The election has rekindled the question of religious animosity across India with the Hindu nationalist Bharatiya Janata Party looking set to win, but the violence in the tea-growing state of Assam stems from friction over migration.
Police said six of the nine Muslims found shot dead were women and children. Security forces rescued three children found nearby hiding in forests close to the border with Bhutan.
The latest fighting in the area, a site of frequent ethnic clashes, began on Thursday with the killing of 11 Bengali-speaking Muslim villagers, followed by more bloodshed on Friday when 12 others were slain.
The victims of the attacks were Muslim migrants who have been locked for years in land disputes with indigenous Bodo tribes in the tea-growing state that borders Bhutan and Bangladesh.
Media reports said Muslim villagers were targeted as a punishment for not voting for candidates backed by the rebels.
Prime Minister Manmohan Singh yesterday directed Assam chief minister Tarun Gogoi and Union home minister Sushilkumar Shinde to "restore normalcy" in the area, while condemning the attacks.
Investigators said they arrested around 20 suspects yesterday in the violence-hit districts of Baksa and its neighbour, Kokrajhar.
The attacks have prompted security forces to launch a massive hunt for the guerillas and have spurred some 5,000 people to flee from their homes, a local police officer said.
The officer added that an indefinite curfew has also been imposed in the violence-torn districts, with police given shoot-on-sight orders and army soldiers on standby.

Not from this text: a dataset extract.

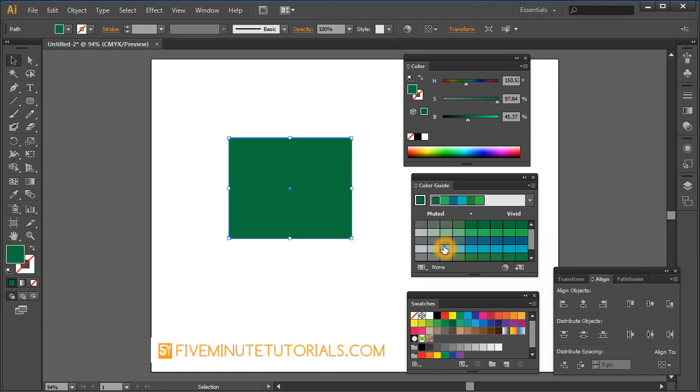Once again, the whole purpose of this particular palette is to try to help you create some alternate colors for you that may go well with that color.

Assam has a history of sectarian violence and armed groups fighting for greater autonomy or secession from India.
Police suspect militants from the Bodo tribe were behind the latest attacks in a region where tension between ethnic Bodo people and Muslim settlers has simmered for years.
In 2012, clashes erupted in which dozens of people were killed and 400,000 fled their homes.
Bodo representatives say many of the Muslims in Assam are illegal immigrants from neighbouring Bangladesh who encroach on ancestral Bodo lands.
The five-week general election, has exacerbated friction over migration in Assam. Voting in Assam has ended, with April 24 the last day of polling.
Candidates including prime-ministerial front-runner Narendra Modi of the BJP have called for tighter controls.
Modi said last week that illegal immigrants from Bangladesh in the nearby state of West Bengal should have their "bags packed" in case he came to power, accusing the state government of being too soft.